Instructions for the task: Everything from the line holding "A minimalist black" through the end of the records should be printed exactly, apart from the pictures.

Dataset records:
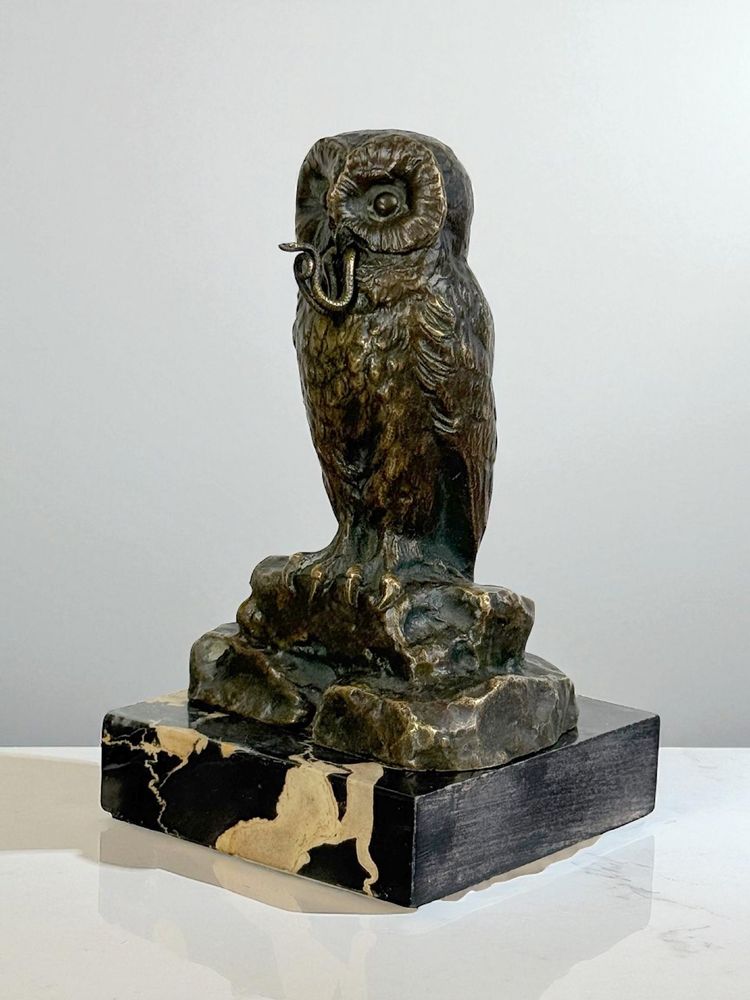 BRONZE WATCH HOLDER SIGNED H.RISCH DEPICTING AN OWL AND ITS SNAKE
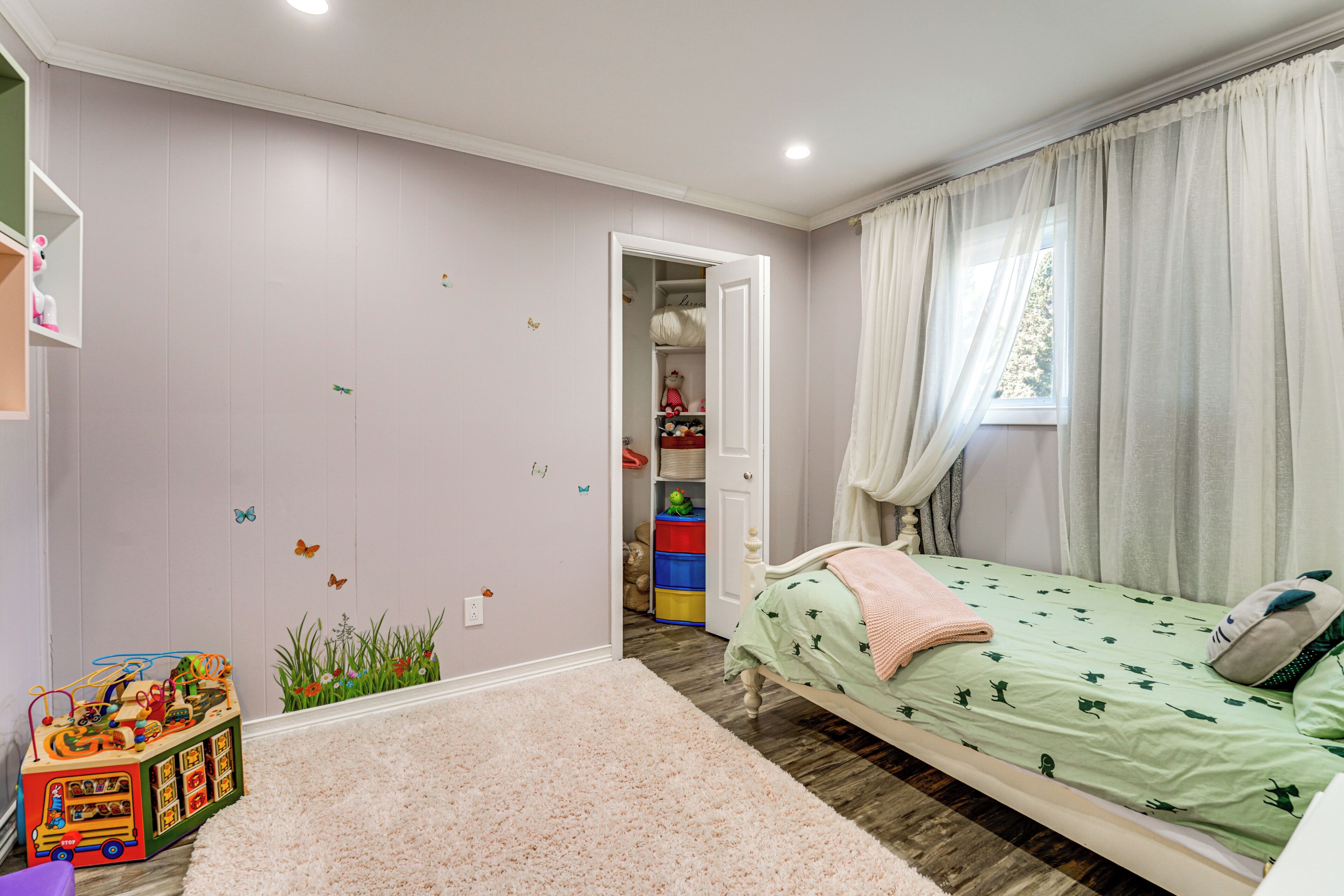 Une chambre d’enfant avec un lit, des jouets et un placard.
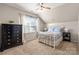 Charming bedroom with a metal bed frame and window seating at 1365 Kings Bottom Dr, Fort Mill, SC 29715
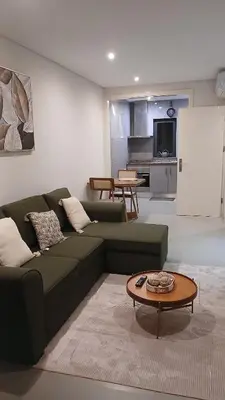 a living room with a green couch and a table at Clara's Place - Morabeza Suite in Praia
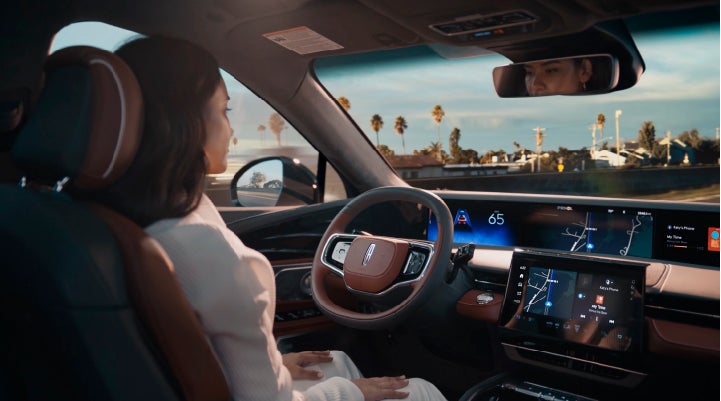 A person is shown driving hands-free on the highway with available Lincoln BlueCruise technology. | George Ballentine Lincoln in Greenwood SC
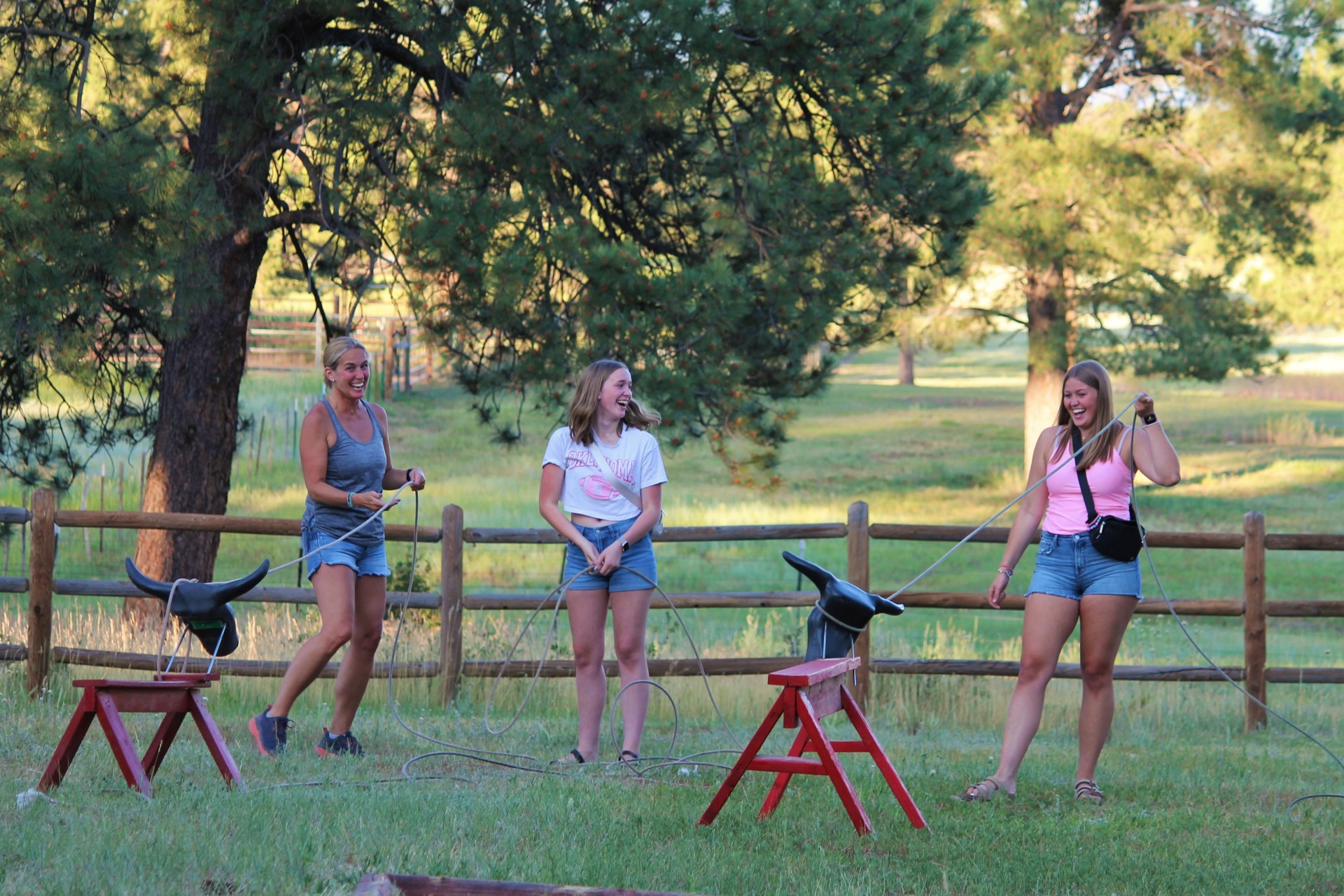 Three women smile and laugh as they throw ropes at pretend cows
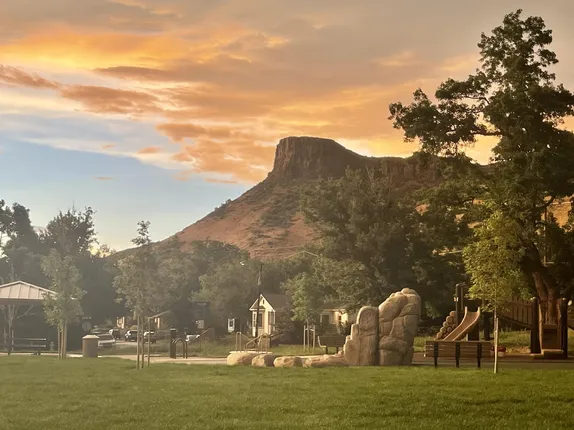 view across a small park with a small play structure and small pavilion.  Castle Rock and setset clouds in the background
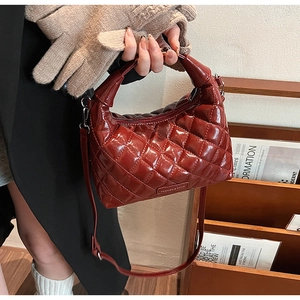 Detailed close-up of red patent leather handbag with quilted stitching and logo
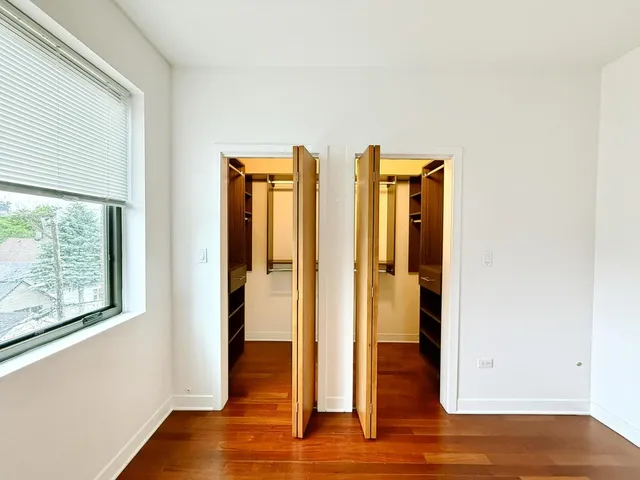a view of hallway with wooden floor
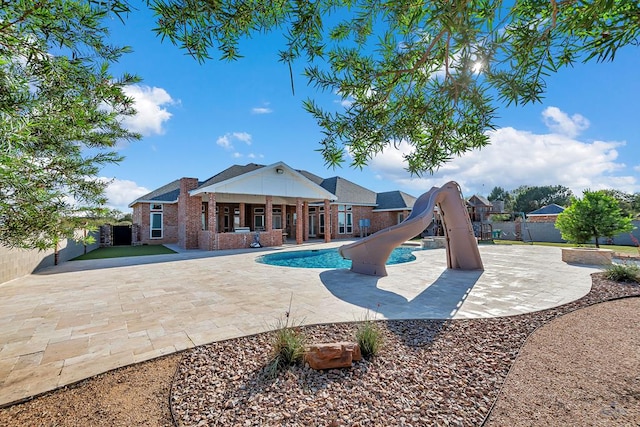 view of swimming pool featuring a fenced in pool, a water slide, fence, and a patio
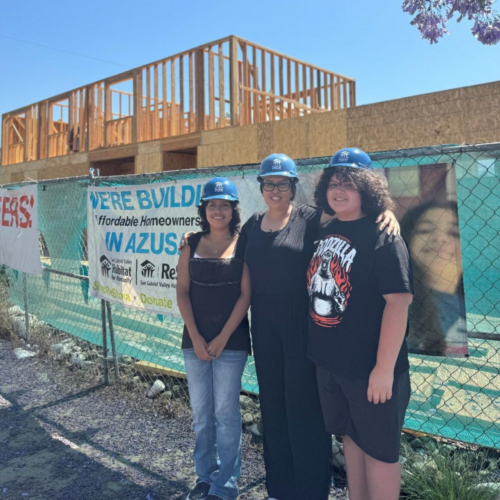 Michelle poses with two children in front of future family home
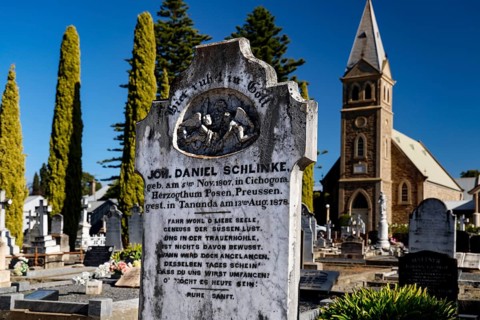 The Langmeil Lutheran cemetery with tombstones in front of a church in Tanunda, Tanunda, South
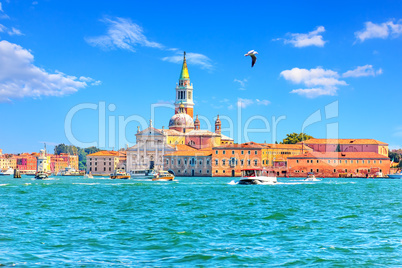 View on Guidecca island with its Church and boats, Venice, Italy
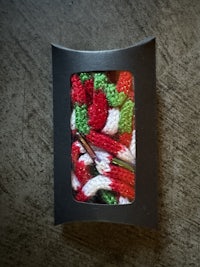 a black box with a red, green, and white knitted scarf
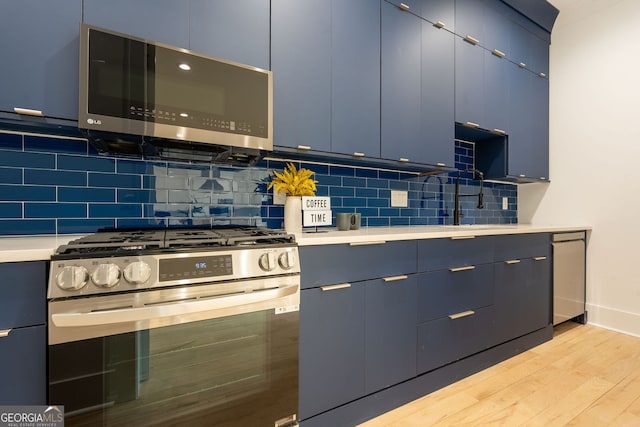 kitchen featuring blue cabinetry, appliances with stainless steel finishes, tasteful backsplash, and light wood-type flooring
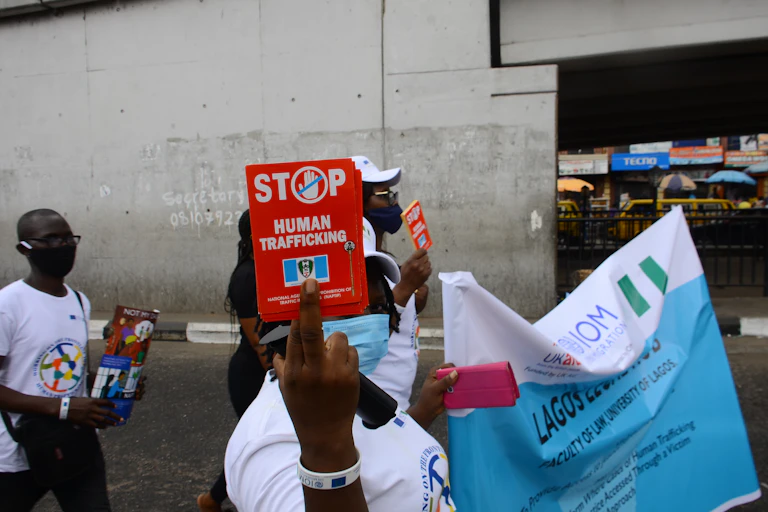 Man and woman holding placards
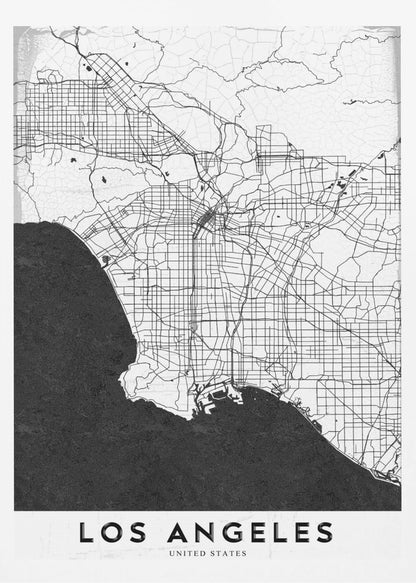 A minimalist black and white framed poster of a street map of Los Angeles. The land is white with an intricate grid of black lines representing roads and highways, while the Pacific Ocean is a solid, textured black. A white band at the bottom contains the city's name, 'LOS ANGELES', in a bold, black sans-serif font. Decor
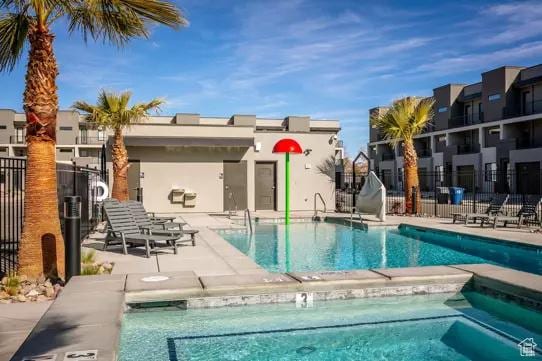 community pool with fence and a patio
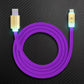 Purple USB-A to Lightning phone charger cable with illuminated gold heads.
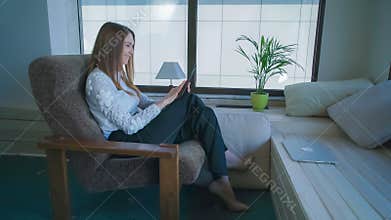Adult woman at home using touch screen tablet and smiling.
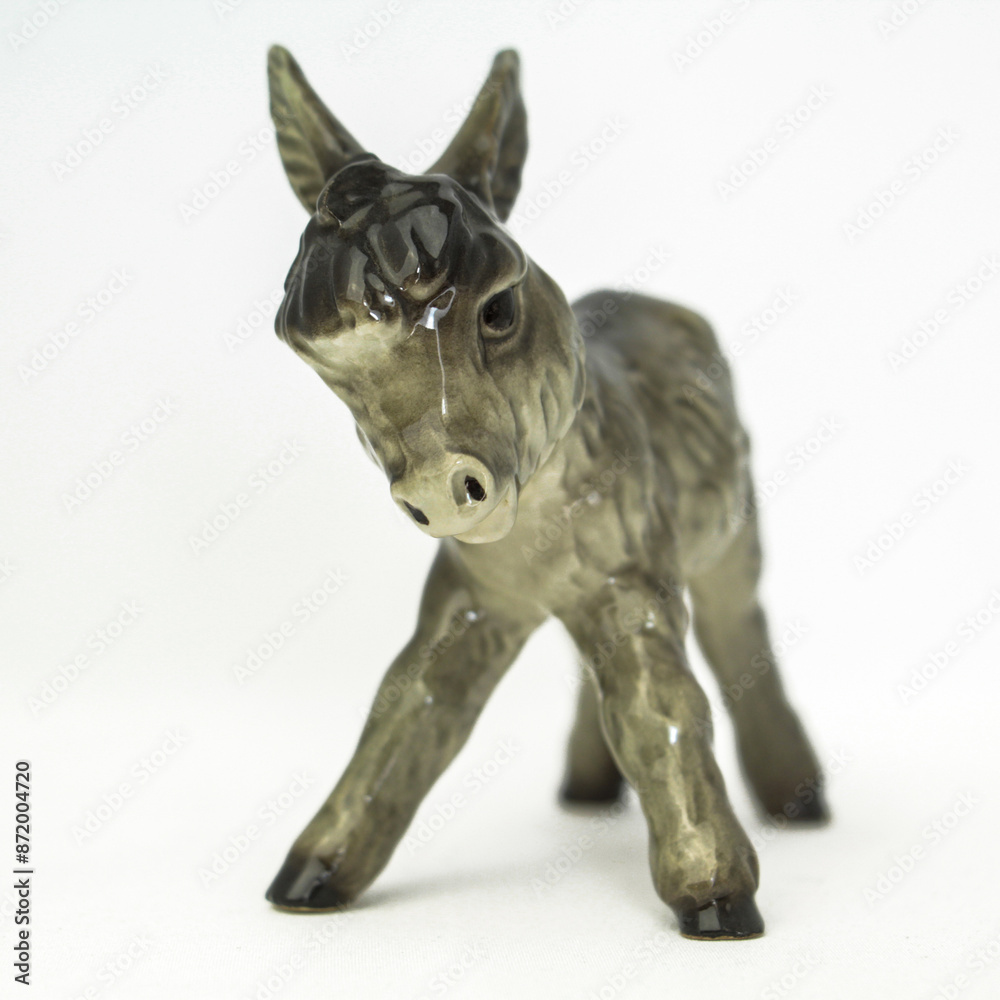 Fototapeta premium Porcelain donkey isolated on a white back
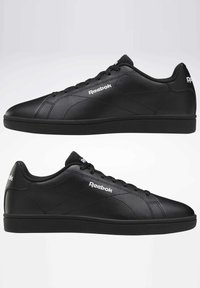 Černé tenisky Reebok s hladkým koženým svrškem, nízkým střihem, kulatou špičkou a minimalistickým vzhledem s decentními švy.
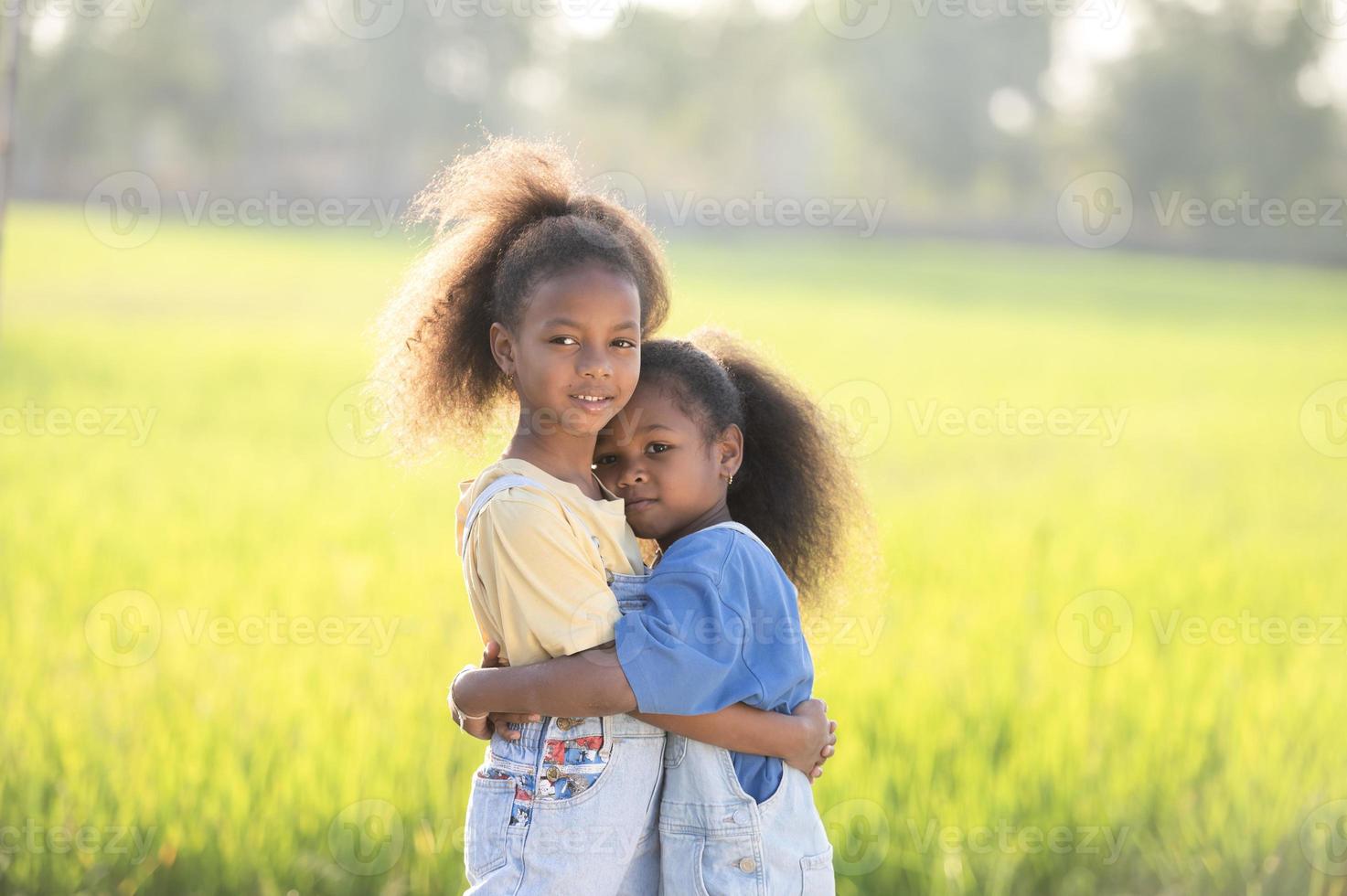 primer plano al aire libre de dos lindas hermanas negras sonriendo al atardecer. foto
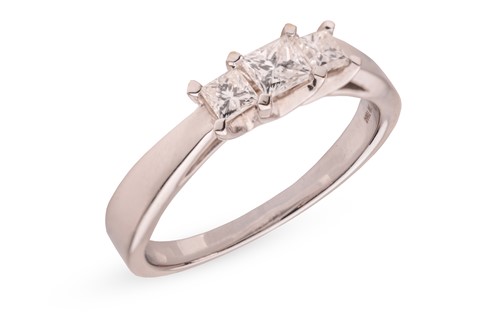 Lot 325 - A diamond trilogy ring in 18ct white gold;...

Completed task:
 A minimalist black and white framed poster of a street map of Los Angeles. The land is white with an intricate grid of black lines representing roads and highways, while the Pacific Ocean is a solid, textured black. A white band at the bottom contains the city's name, 'LOS ANGELES', in a bold, black sans-serif font. Decor
 community pool with fence and a patio
 Purple USB-A to Lightning phone charger cable with illuminated gold heads.
Adult woman at home using touch screen tablet and smiling.
 Fototapeta premium Porcelain donkey isolated on a white back
 Černé tenisky Reebok s hladkým koženým svrškem, nízkým střihem, kulatou špičkou a minimalistickým vzhledem s decentními švy.
 primer plano al aire libre de dos lindas hermanas negras sonriendo al atardecer. foto
 Lot 325 - A diamond trilogy ring in 18ct white gold;...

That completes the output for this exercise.